The general theme of these campaigns seem to be that a rise in interest rates will cause the value of their portfolios to decline. So what? You buy mREITs for the dividend income, not for capital gains. And anyway, the mREIT that I own (NLY) has a sophisticated hedging strategy – which it publicly discloses. Also, they observe, dividends have been declining so think how horrible it would be to watch your dividend decline further. True – they’ve been declining because Ben has been running the pump to lower mortgage rates and folks have been refinancing to lower rates.  So you should sit out earning 0% because if you invest at 15%  it might become 12%? Ridiculous. Anyway Ben is now threatening “taper” so I suspect dividends will start going up again.

There’s only one thing that can bring this mREIT game to an end and that is a flat or inverted yield curve. Then the mREITs can no longer earn a spread by borrowing short and lending long. But that’s not happening, in fact the curve is steepening, not flattening. That means the mREITs will do better because the spread will widen on new mortgages and mortgagors will not refinance the old ones. But the time will come when short rates start to creep up. Then and only then will it be time to bail.

Here is a neat chart to monitor the yield curve and look back in history. Now it is Treasuries and mortgage bonds yield slightly more, but it is close enough.
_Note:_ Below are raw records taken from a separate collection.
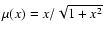 $\mu(x)=x/\sqrt{1+x^2}$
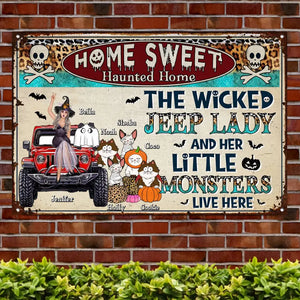 Personalized Home Sweet, Haunted Home, The Wicked Jeep Lady And Her Little Monsters Live Here Metal Sign NMTKVH23429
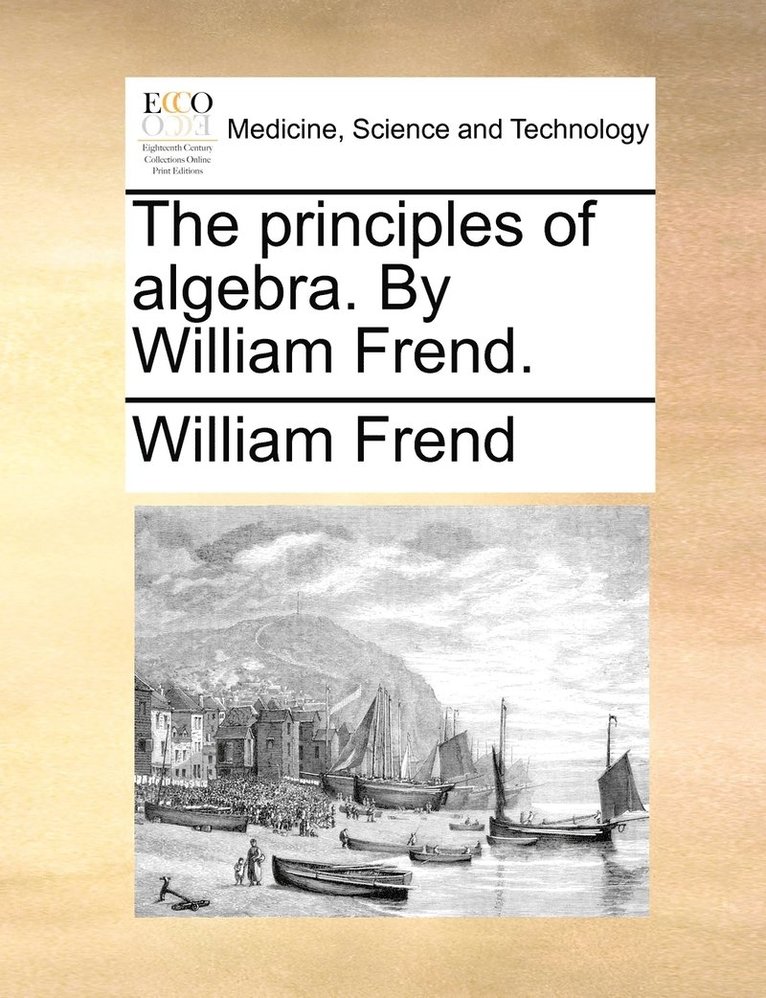 The principles of algebra. By William Frend. 1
Edit: Ok, this is hilarious. The quarterly round of dividend announcements has begun with dividends either holding steady or increasing (as expected, see above), resulting in an accusation from Motley Fool that the mREITs are “bribing investors to stay.”  You really can’t make this stuff up where financial journalism is concerned. In case you didn’t know, REITs are required to pay out at least 90% of their income in dividends, so have very little discretion in terms of payout.